I fedeli della religione mussulmana si sono sentiti offesi non tanto dal discorso che il Pontefice ha fatto presso l’università di Regensburg, ma dalla citazione che ha fatto per un tema che riguardava il rapporto tra fede e ragione.
La citazione era presa da un dialogo che l’Imperatore di Costantinopoli Manuele II, nel 1391 ebbe con un persiano di religione islamica e che trascrisse in un’operetta che venne ristampata recentemente in Francia.

In questa citazione l’imperatore sostiene che la religione islamica si pone contro la ragione e, quindi, è contro lo stesso volere di Dio , perché la ragione è una facoltà donata all’uomo per conoscere la verità .Dunque, secondo Manuele II, la religione islamica non può essere una religione rivelata da Dio. Questo, in sintesi, il contenuto della citazione fatta dal Papa, dalla quale partiva per un lungo discorso che aveva come tema centrale non certo i rapporti con la religione islamica, ma i rapporti tra fede e ragione, tema particolarmente vivo all’interno della cultura occidentale.

Come ha più volte in pochi giorni ricordato lo stesso Pontefice, non c’era in quella citazione nessuna volontà di far propri i sentimenti e le affermazioni dell’imperatore di Costantinopoli e neppure la volontà di introdursi in una discussione sui rapporti tra le religioni ed esprimere, sia pure indirettamente, un giudizio sulla religione del mondo islamico.

Purtroppo ormai il mondo islamico aveva preso quella citazione come un giudizio sulla propria religione e, senza leggerla nel contesto di tutto il discorso, si è indignato e ha cominciato con le proteste e la minacce di cui tutti i giornali hanno dato ampio rilievo.

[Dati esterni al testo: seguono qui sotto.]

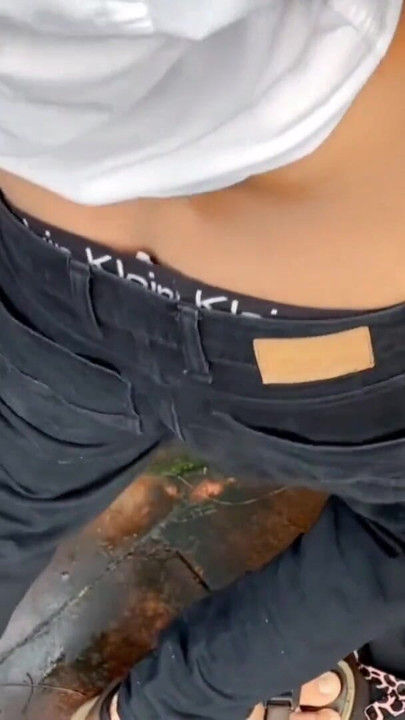 Desi Iubită frumoasă strâmtă prima dată în junglă Xxx Videoclipuri, videoclipuri sexuale cu iubita din jungla desi | Clip 1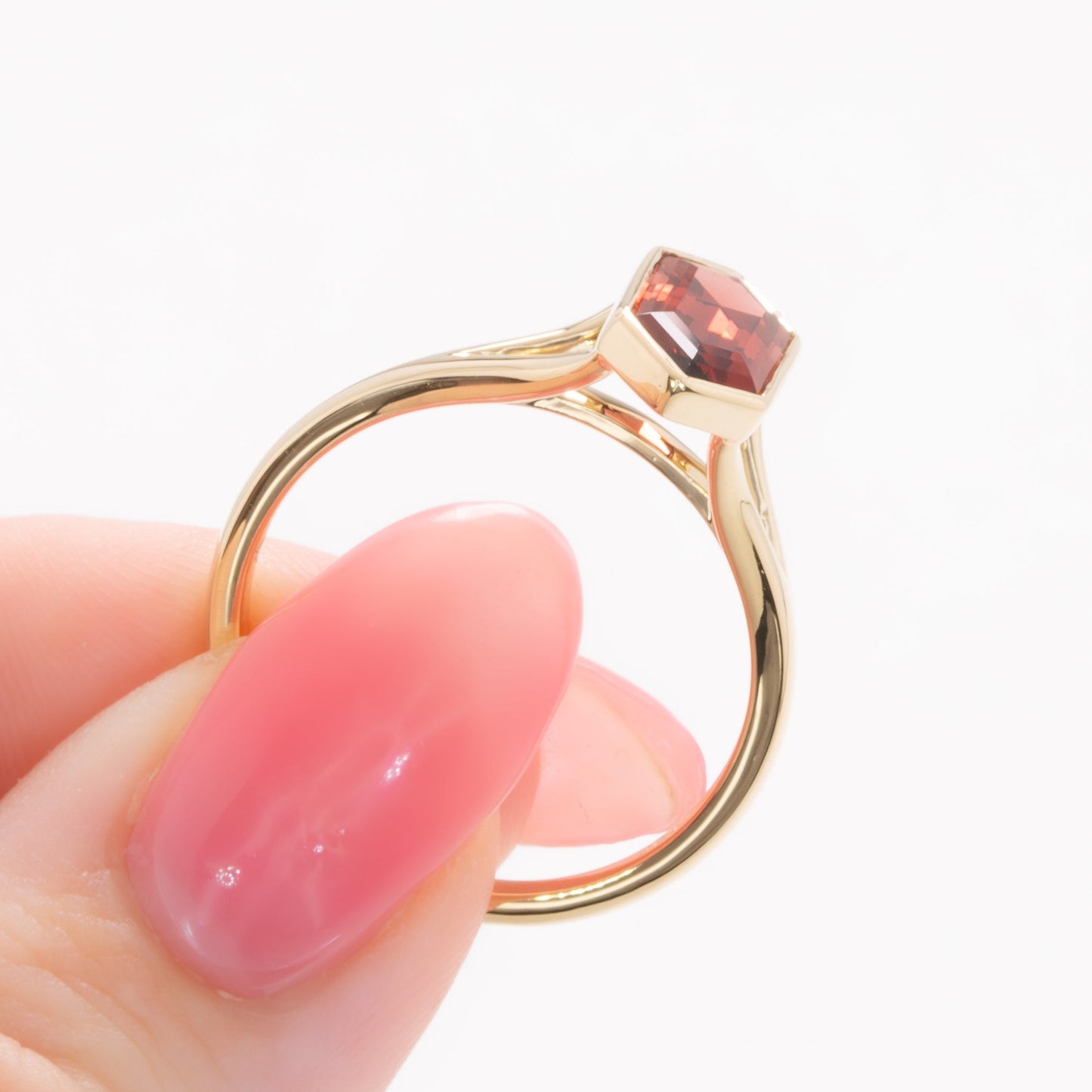 The perfect bezel set solitaire to flash around, what more could you ask for?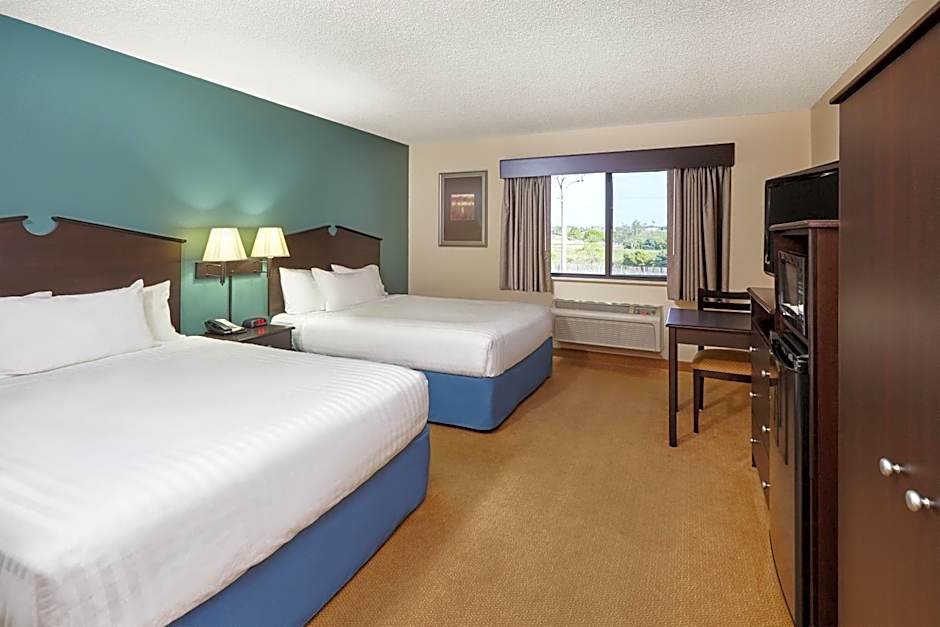 AmericInn by Wyndham Green Bay East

Di fronte ad una reazione spropositata del mondo islamico, l’occidente si è sentito minacciato e si sono susseguiti interventi di politici e di intellettuali che hanno riproposto i temi già sviluppati dopo la distruzione delle torri gemelle e delle guerre contro il terrorismo di matrice islamica promosse dal Presidente degli Stati Uniti: il pericolo reale per l’occidente, l’impenetrabilità del mondo islamico, la necessità di ritrovare una identità forte da parte dell’occidente, che sia in grado di contrastare l’invasione del mondo islamico con la sua cultura che fa a pugni con la nostra, e via discorrendo.

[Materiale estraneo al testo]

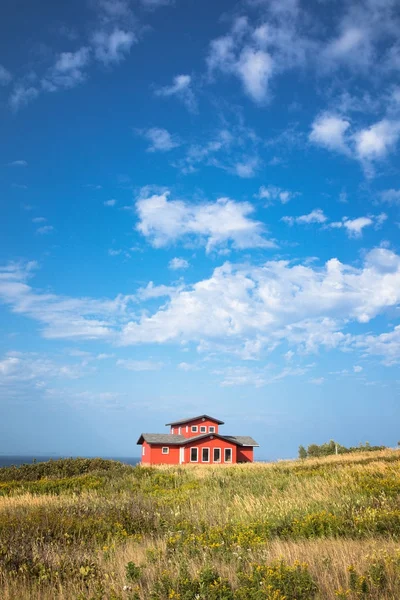 Kleurrijk geschilderde houten huis — Stockfoto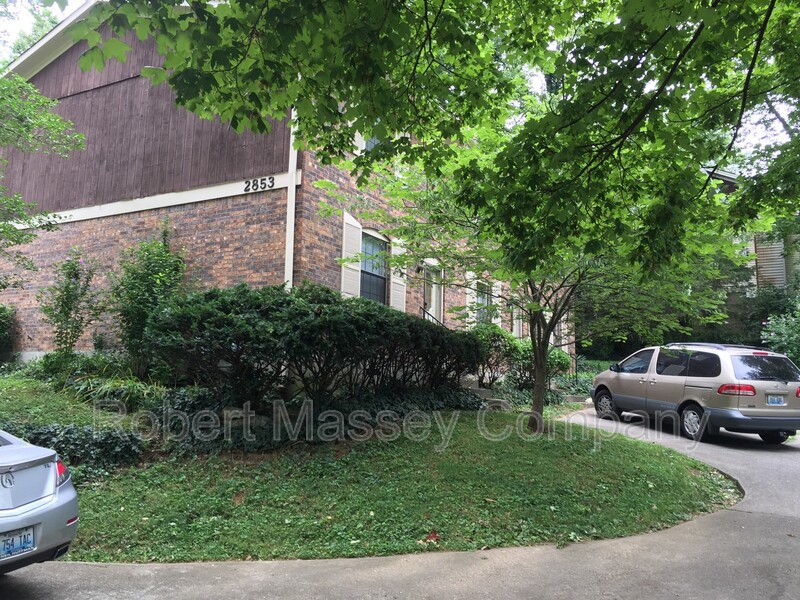 Louisville Condo: 2853 Grinstead Drive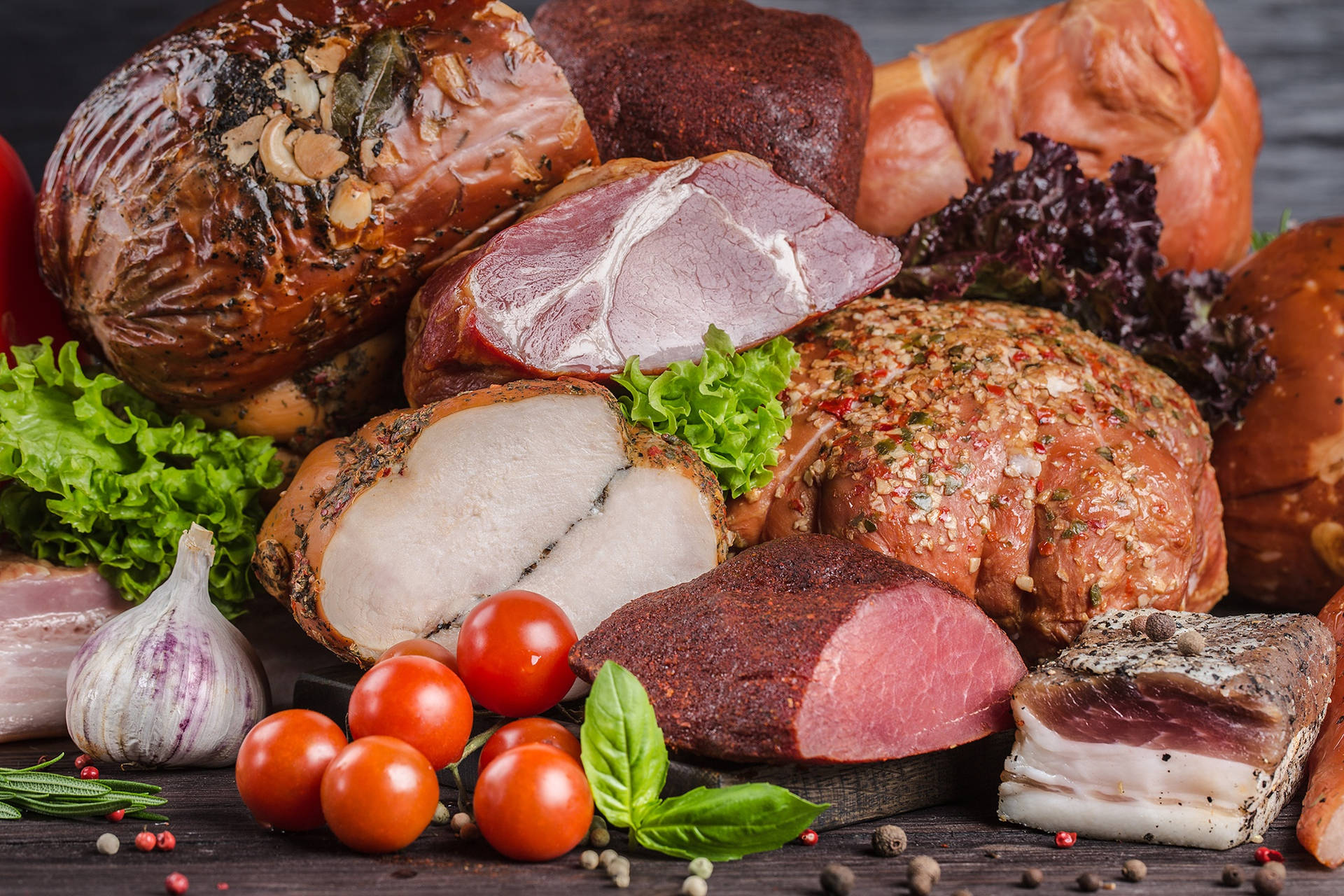 Appetizing Curated Meat With Vegetables Wallpaper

Che cosa dire di nuovo e di diverso rispetto a quello che è già stato detto?
Tutto è stato detto sulla gravità della situazione, esplosa in un modo tale che appare non solo immotivata la reazione piena di rabbia del mondo islamico, ma anche del tutto strumentale.
I pretesti se non ci sono si possono facilmente inventare.
Però, detto questo ed accettato senza riserve, si possono, o almeno io mi sento di fare alcune precisazioni, per tentare, non tanto di trovare delle vie di uscita, ma per individuare dei percorsi che possano portare a dei rapporti diversi tra le religioni e in specie tra il mondo occidentale e il mondo islamico.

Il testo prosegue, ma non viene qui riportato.